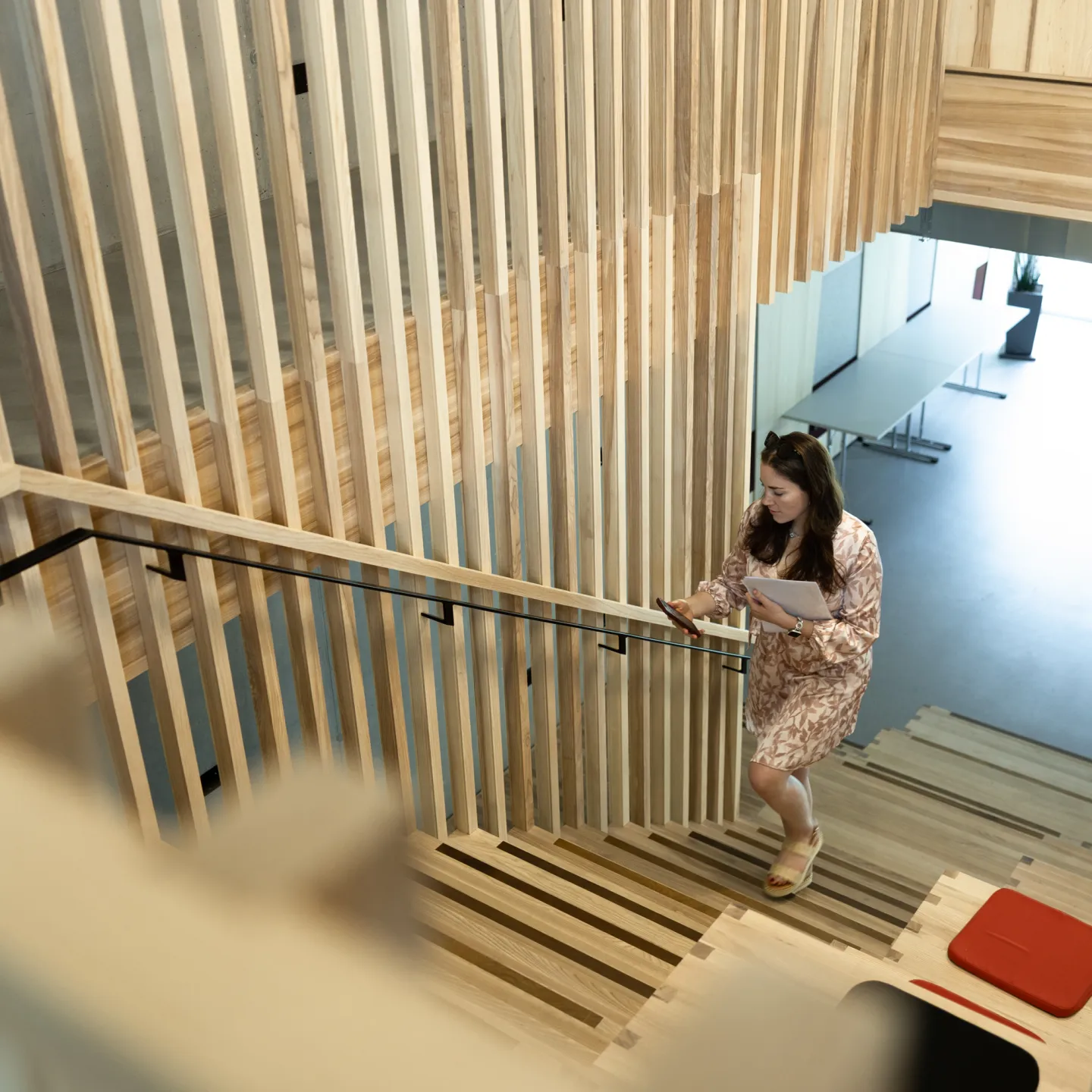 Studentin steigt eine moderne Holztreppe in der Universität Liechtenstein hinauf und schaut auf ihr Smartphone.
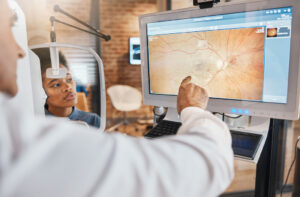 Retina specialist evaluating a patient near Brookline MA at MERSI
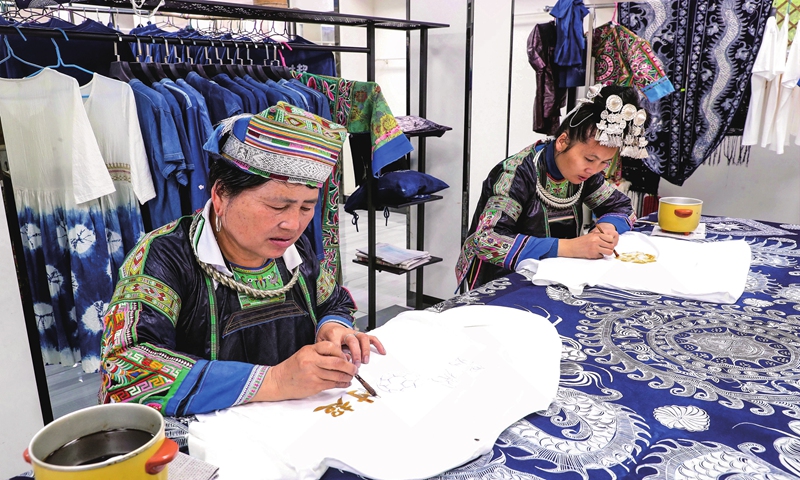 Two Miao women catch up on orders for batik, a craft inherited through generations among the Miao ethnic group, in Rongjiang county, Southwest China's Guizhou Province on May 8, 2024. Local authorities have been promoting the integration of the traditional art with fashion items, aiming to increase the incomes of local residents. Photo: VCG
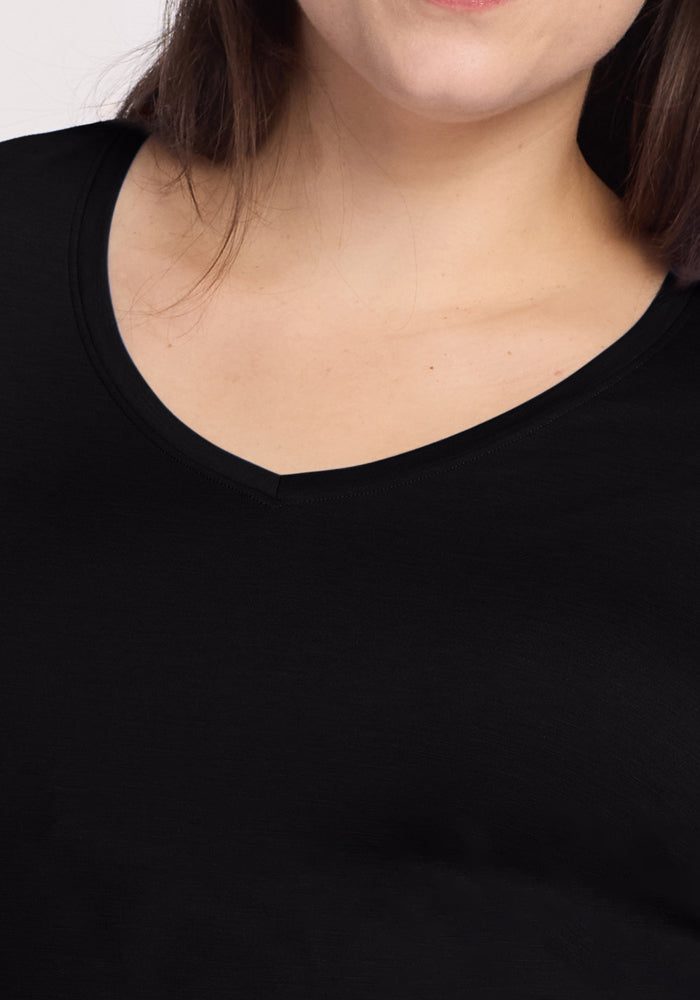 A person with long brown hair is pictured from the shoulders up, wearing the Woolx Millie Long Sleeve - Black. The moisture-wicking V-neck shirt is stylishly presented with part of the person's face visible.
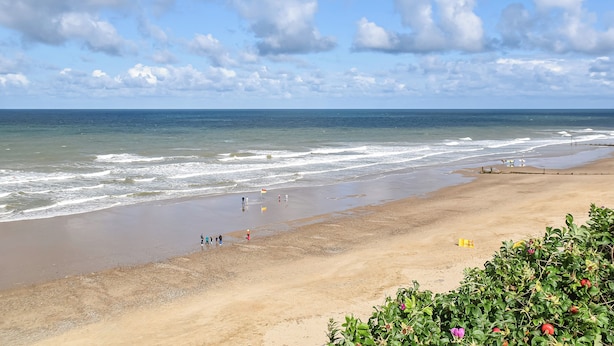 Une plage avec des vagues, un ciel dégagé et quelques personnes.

WORK TO BE COMPLETED =>
The expected answer is the whole listing above, copied exactly, with images excluded.

RESULT =>
 Studentin steigt eine moderne Holztreppe in der Universität Liechtenstein hinauf und schaut auf ihr Smartphone.
 Retina specialist evaluating a patient near Brookline MA at MERSI
 Two Miao women catch up on orders for batik, a craft inherited through generations among the Miao ethnic group, in Rongjiang county, Southwest China's Guizhou Province on May 8, 2024. Local authorities have been promoting the integration of the traditional art with fashion items, aiming to increase the incomes of local residents. Photo: VCG
 A person with long brown hair is pictured from the shoulders up, wearing the Woolx Millie Long Sleeve - Black. The moisture-wicking V-neck shirt is stylishly presented with part of the person's face visible.
 Une plage avec des vagues, un ciel dégagé et quelques personnes.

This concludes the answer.